Program in Clinical Ethics and Patients Care

Program Leader: Rebecca Anderson, J.D., M.S.

This program recruits, trains and manages ethics consultants for the Nebraska Medical Center's Ethics Consultation Service.  Consultants, who are on call for a week at a time, help resolve ethical questions raised by providers, patients and family members concerning care at University hospitals and clinics.  On occasion, program members provide consultation for outside providers or agencies. 

Several program members serve on the University's Institutional Review Board and on the Medical Center's Medical Ethics Committee where they help draft medical policy, and provide continuing education modules for committee members.  Ms. Anderson serves as the ethics consultant to the liver-bowel-pancreas transplant team, and on the NMC and Douglas County committees for pandemic triage and altered standards of care.

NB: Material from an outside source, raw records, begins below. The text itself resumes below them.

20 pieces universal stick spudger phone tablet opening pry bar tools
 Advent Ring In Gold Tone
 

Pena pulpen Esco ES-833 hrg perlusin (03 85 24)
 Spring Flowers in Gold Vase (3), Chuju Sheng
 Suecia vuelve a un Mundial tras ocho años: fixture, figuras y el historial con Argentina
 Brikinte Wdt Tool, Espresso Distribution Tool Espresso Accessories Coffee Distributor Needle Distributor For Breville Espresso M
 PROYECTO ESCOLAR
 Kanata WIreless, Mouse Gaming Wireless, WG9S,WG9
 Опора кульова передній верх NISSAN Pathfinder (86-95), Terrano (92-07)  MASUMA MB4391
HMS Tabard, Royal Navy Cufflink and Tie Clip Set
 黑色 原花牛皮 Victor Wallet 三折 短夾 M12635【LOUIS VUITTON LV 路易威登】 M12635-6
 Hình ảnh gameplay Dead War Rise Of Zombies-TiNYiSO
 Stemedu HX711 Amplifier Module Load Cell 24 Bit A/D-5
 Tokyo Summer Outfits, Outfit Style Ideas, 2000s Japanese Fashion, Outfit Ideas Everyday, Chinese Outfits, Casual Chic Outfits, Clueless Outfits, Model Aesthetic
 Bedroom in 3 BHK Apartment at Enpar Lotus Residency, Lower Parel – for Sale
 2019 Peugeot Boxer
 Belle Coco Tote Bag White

Program members also respond to contemporary societal issues in clinical ethics.  For example, Dr. Schonfeld responded to news media inquiries concerning a proposed kidney transplant for an incarcerated patient.  Ms. Anderson prepared and presented scholarly analyses of the Terri Schiavo case and the proposed Humane Care Amendment to the Nebraska Constitution.  She fielded news media inquiries concerning end of life issues relating to Schiavo and Pope John Paul II.  Dr. Aita received national publicity for her collaboration with Dr. William Lydiatt and Scottish portrait artist Mark Gilbert in "Portraits of Care," an exploration of personal image and identity within the medical setting.

In addition, program personnel are conducting surveys in Nebraska and Michigan to assess the degree of satisfaction among providers and patients with the state-promulgated genetic testing consent forms in those states. A parallel activity, under the auspices of the American College of Medical Genetics, is the development of a consent form template which can be used nationally by all providers of genetic testing and screening.  

Ongoing activities in medical ethics education include multiple classes for medical residents, medical students, nursing students, allied health students and public health students; workshops held on campus six times a year for employees interested in completing Advance Directives; twice-yearly presentations on end-of-life issues for oncology nurses; and several presentations for the annual Clinical Research Symposia.